──────── Given data ────────
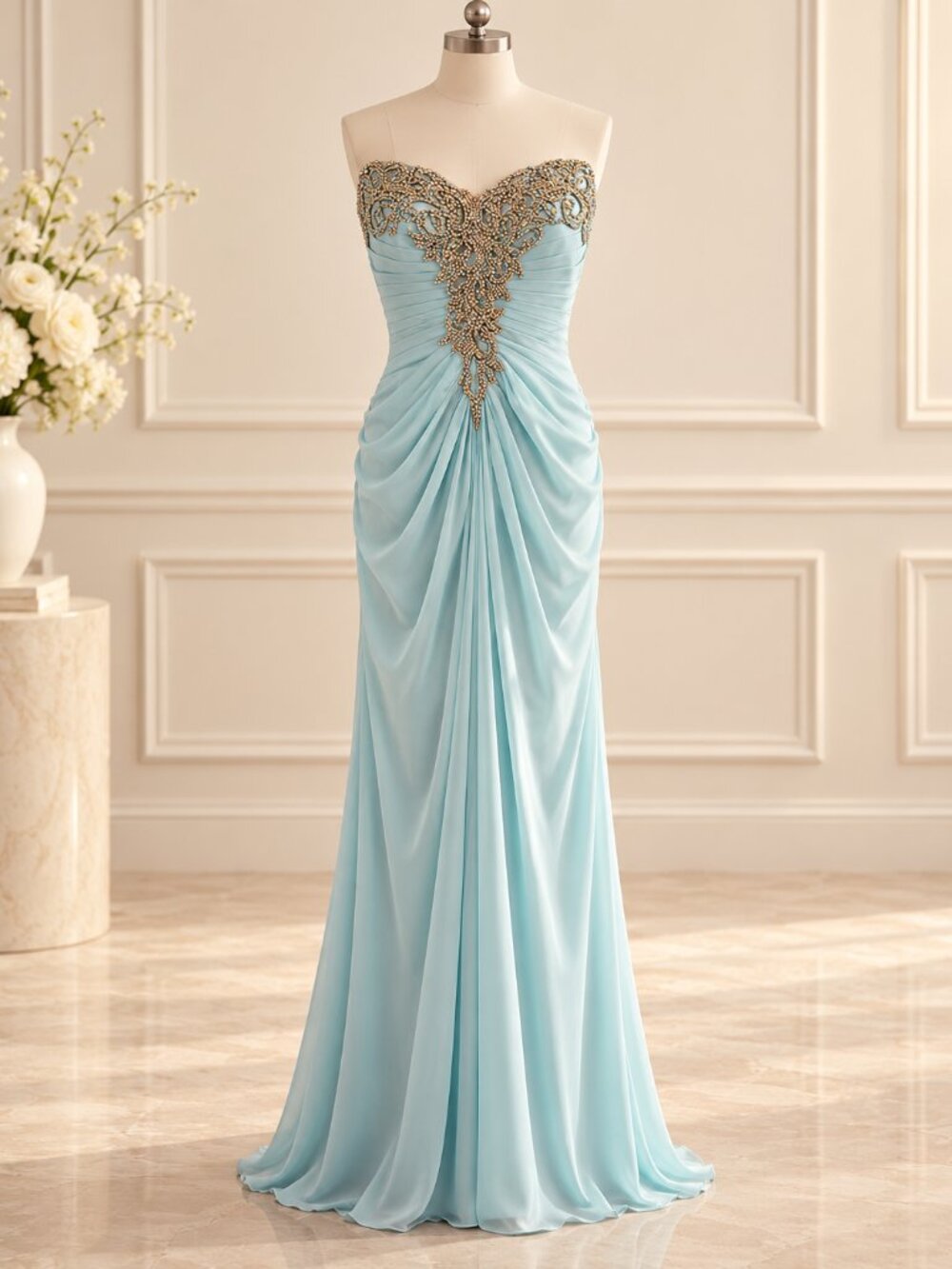 La Femme Light Blue Strapless Beaded Ruched Evening Gown Size 2
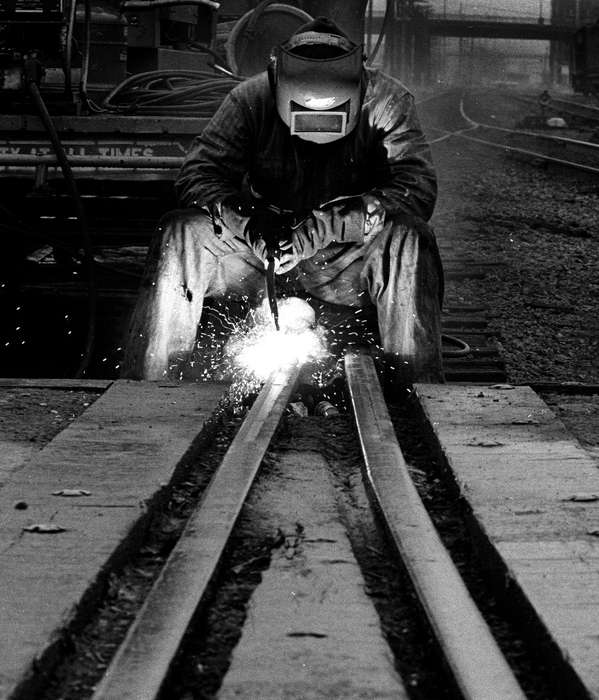 Labor and Occupations, Lemberger, LeAnn, train track, Iowa, history of Iowa, Iowa History, welder, welding, Ottumwa, IA, railroad, Businesses and Factories
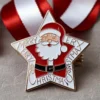 Festive custom pin showcasing Santa Claus with "Peakeen Merry Christmas" text, ideal for holiday events and gifts.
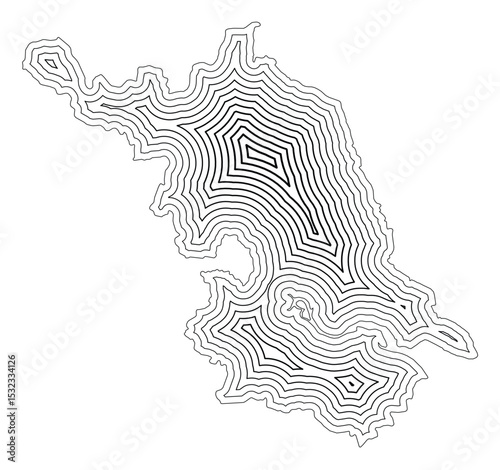 Symbol Map of the Province Jiangsu (People's Republic of China) showing the state border buffered inside with black tapering lines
────────
### Work request:
Everything from the top line of the data down to and including the line with "Labor and Occupations, Lemberger, LeAnn, train" is to be copied, except the pictures.

### Answer for this exercise:
 La Femme Light Blue Strapless Beaded Ruched Evening Gown Size 2
 Labor and Occupations, Lemberger, LeAnn, train track, Iowa, history of Iowa, Iowa History, welder, welding, Ottumwa, IA, railroad, Businesses and Factories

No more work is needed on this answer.